> What you are asked to do
Pictures do not belong in your copy. Repeat all the other data exactly.

> Given material
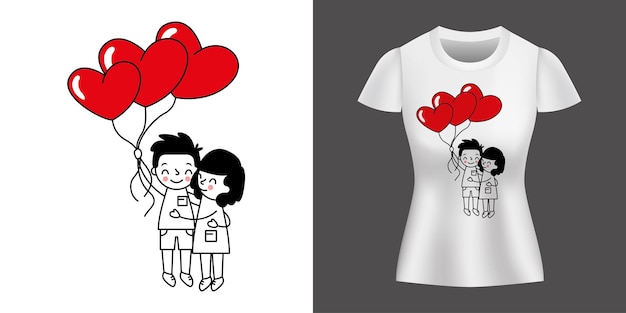 Pareja amorosa sosteniendo globos impresos en la camiseta.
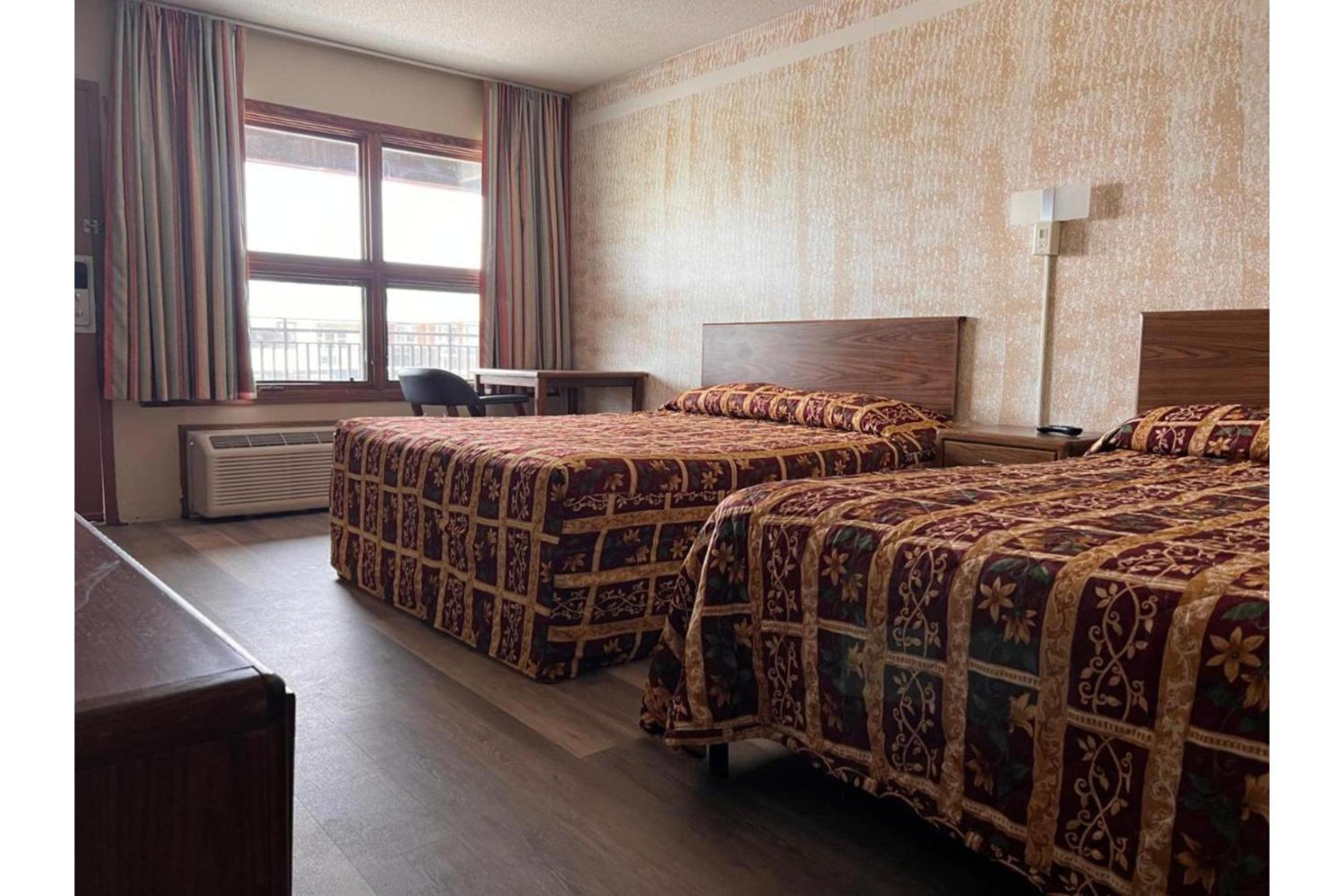 2 Queen Beds Non-Smoking - Photo 9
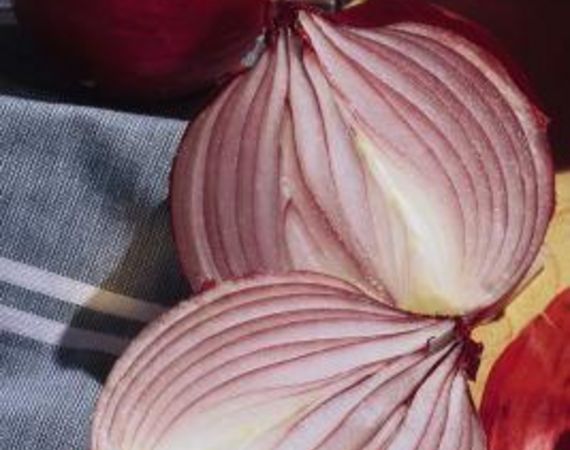 Come affettare una cipolla senza piangere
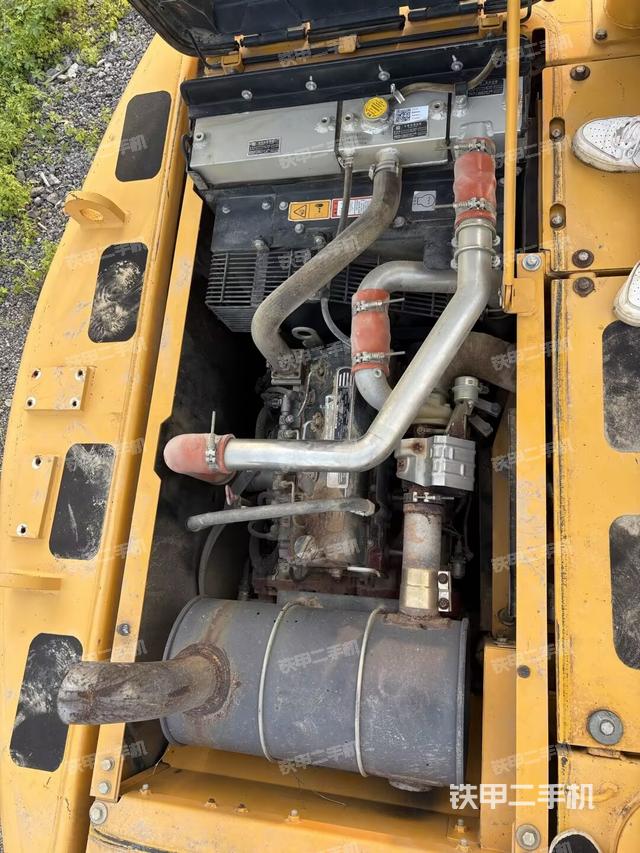 发动机整体俯视(整机外观) 发动机整体俯视(整机外观)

> Solved exercise
 Pareja amorosa sosteniendo globos impresos en la camiseta.
 2 Queen Beds Non-Smoking - Photo 9
 Come affettare una cipolla senza piangere
 发动机整体俯视(整机外观) 发动机整体俯视(整机外观)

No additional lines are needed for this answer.